Something similar applies to crypto people going to exotic locations for their conferences.

They behave in conference mode, only (if at all) meeting locals who run their catering or drive them around in Ubers (work culture).

Maybe it even extends to our normal remote work lives, where we’re alienated from the results of our labor because, in our physical vicinity, all we see is nothing — in terms of our impact. Or maybe that’s just me.

I’m pretty sure we’d be better off if we didn’t make crypto our entire personality and cultivate interest in the immediate world around us, regardless of whether we are somewhere just to the conference. Chances are people outside of the space will like us better.

If we want to change the world, starting with where we’re at is the most obvious choice. You know, bottom-up—kind of like crypto was supposed to be before it turned into a place where we want BlackRock to pump our bags.

If you believe the theory of oceanic games, maybe complete decentralization is a chimera — regardless of how well you distribute wealth and power in the beginning.

In that case, what’s the point of any of this?

This I ask myself a lot.

Still, I am not one to rage-quit. Plus, the flexibility afforded to me by being in crypto probably ruined me for any other job. Among other things, it leaves me time to volunteer and go to museums on weekdays, activities I consider quite beneficial for my local area.

So, instead, for as long as I’m in this industry, I’ll stare into the abyss while trying my best to encourage conversations around values, culture, and how we want to be perceived.

And for those still celebrating all those criminal acts as a sign of permissionlessness, here is some Thomas Mann for you.
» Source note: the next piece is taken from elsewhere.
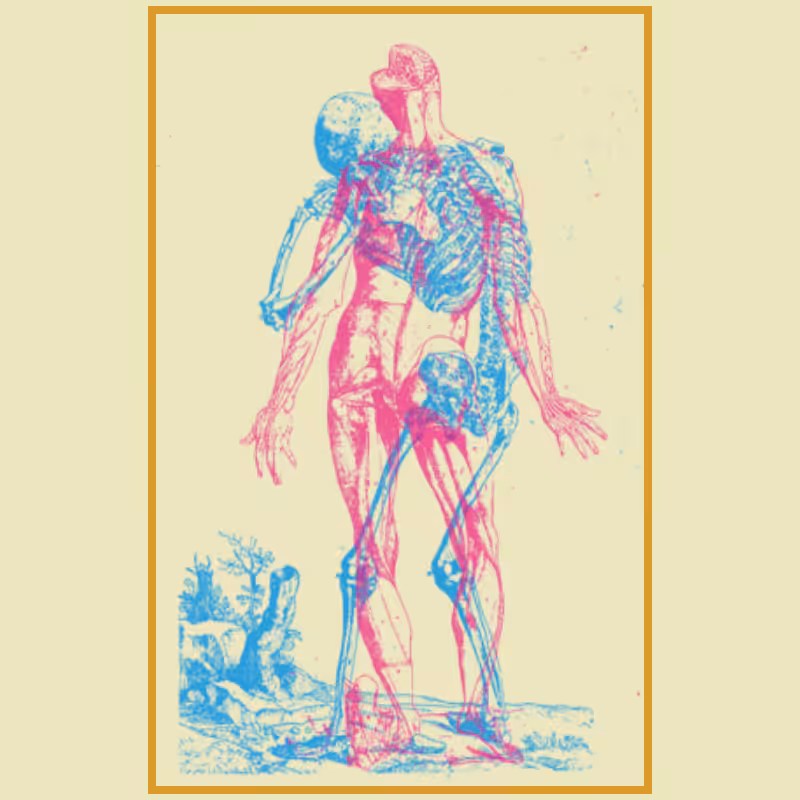 Anatomyk #13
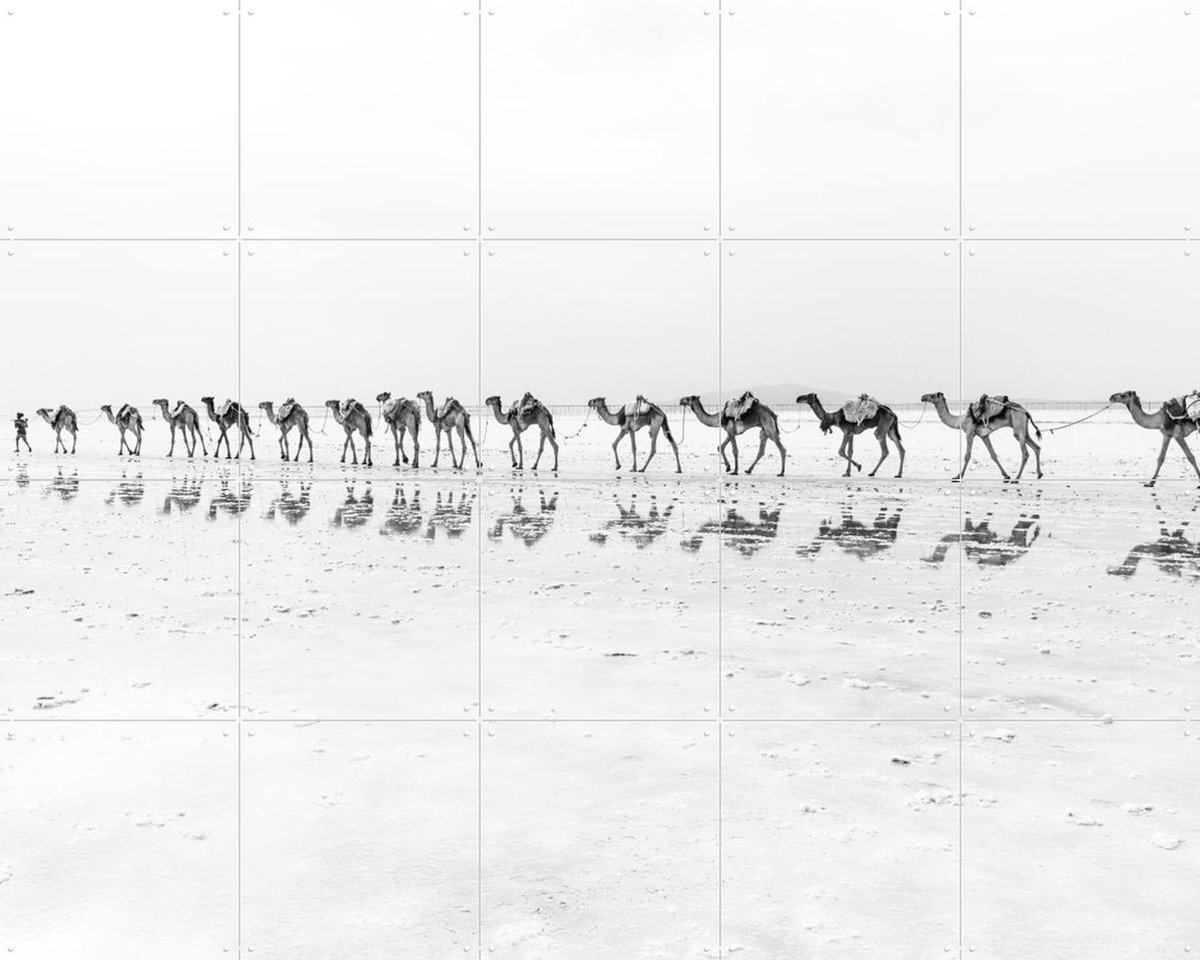 IXXI Salt Transport with Camels, Photolovers - 100 x 80 cm - Gratis ophangtool - Grote wanddecoratie en posters - Minimalisme, Fotografie, Woonkamer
“Tolerance becomes a crime when applied to evil.”

Thanks for reading. 💚

This isn’t to say I haven’t met a ton of amazing people in crypto.

My issue is just that they seem to be the minority — maybe there is a silent majority of decent people. Unfortunately, all that’s surfacing, though, are the loud and obnoxious ones.

My words here are nothing but a random stream of consciousness. So please don’t quote them in academic papers.